Lamartine écrivit, pour chacun de ses poèmes, des commentaires dont celui-ci à propos de son poème intitulé tout unîment : Dieu.

Ce texte offre, nous semble-t-il, un exemple quasi parfait de ce qu’on a appelé parfois le scandale de la littérature, l’aura des mots suppléant en quelque sorte à la pensée et nous restituant moins des idées qu’un sentiment. C’est la saison de la publier : retour de vacances, il permet pour nombre d’entre nous, d’établir une comparaison avec l’autoroute du Midi et le tourisme organisé…

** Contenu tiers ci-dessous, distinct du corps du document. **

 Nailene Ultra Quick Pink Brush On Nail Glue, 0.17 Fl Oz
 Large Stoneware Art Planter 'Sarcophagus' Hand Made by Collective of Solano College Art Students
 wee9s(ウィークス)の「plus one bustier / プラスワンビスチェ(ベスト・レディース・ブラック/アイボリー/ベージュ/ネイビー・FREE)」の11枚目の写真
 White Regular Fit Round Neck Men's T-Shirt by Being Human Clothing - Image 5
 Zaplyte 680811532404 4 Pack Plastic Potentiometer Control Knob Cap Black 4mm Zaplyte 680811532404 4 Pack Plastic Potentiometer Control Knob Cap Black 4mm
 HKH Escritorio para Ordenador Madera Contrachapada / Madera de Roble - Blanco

“J’avais connu M. de Lamennais par son Essai sur l’Indifférence. (…) Je m’attachais peu aux arguments, qui me paraissaient faibles ; mais l’argumentation me ravissait. (.. .) J’avais besoin d’épancher mon admiration. Je ne pouvais le faire qu’en m’élevant au sujet le plus haut de la pensée humaine, Dieu. J’écrivis ces vers en retournant seul à cheval de Paris à Chambéry, par de belles et longues journées du mois de mai. Je n’avais ni papier, ni crayon, ni plume. Tout se gravait dans ma mémoire à mesure que tout sortait de mon cœur et de mon imagination. La solitude et le silence des grandes routes à une certaine distance de Paris, l’aspect de la nature et du ciel, la splendeur de la saison, ce sentiment de voluptueux frisson que j’ai toujours éprouvé en quittant te tumulte d’une grande capitale pour |e replonger dans l’air muet, profond et limpide des grands horizons, tout semblable, pour mon âme, à ce frisson qui saisit et raffermit les nerfs quand on se plonge pour nager dans les vagues bleues et fraîches de la Méditerranée ; enfin, le pas cadencé de mon cheval, qui berçait ma pensée comme mon corps, tout cela m’aidait à rêver, à contempler, à penser, à chanter… En arrivant, le soir, au cabaret de village où je m’arrêtais ordinairement pour passer la nuit, et après avoir donné l’avoine, le seau d’eau du puits, et étendu la  paille de sa litière à mon cheval, que j’aimais mieux encore que mes vers, je demandais une plume et du papier à mon hôtesse, et j’écrivais ce que j’avais composé dans la journée. En arrivant à Ursy, dans les bois de la haute Bourgogne, au château de mon oncle, l’abbé de Lamartine, mes vers étaient terminés.”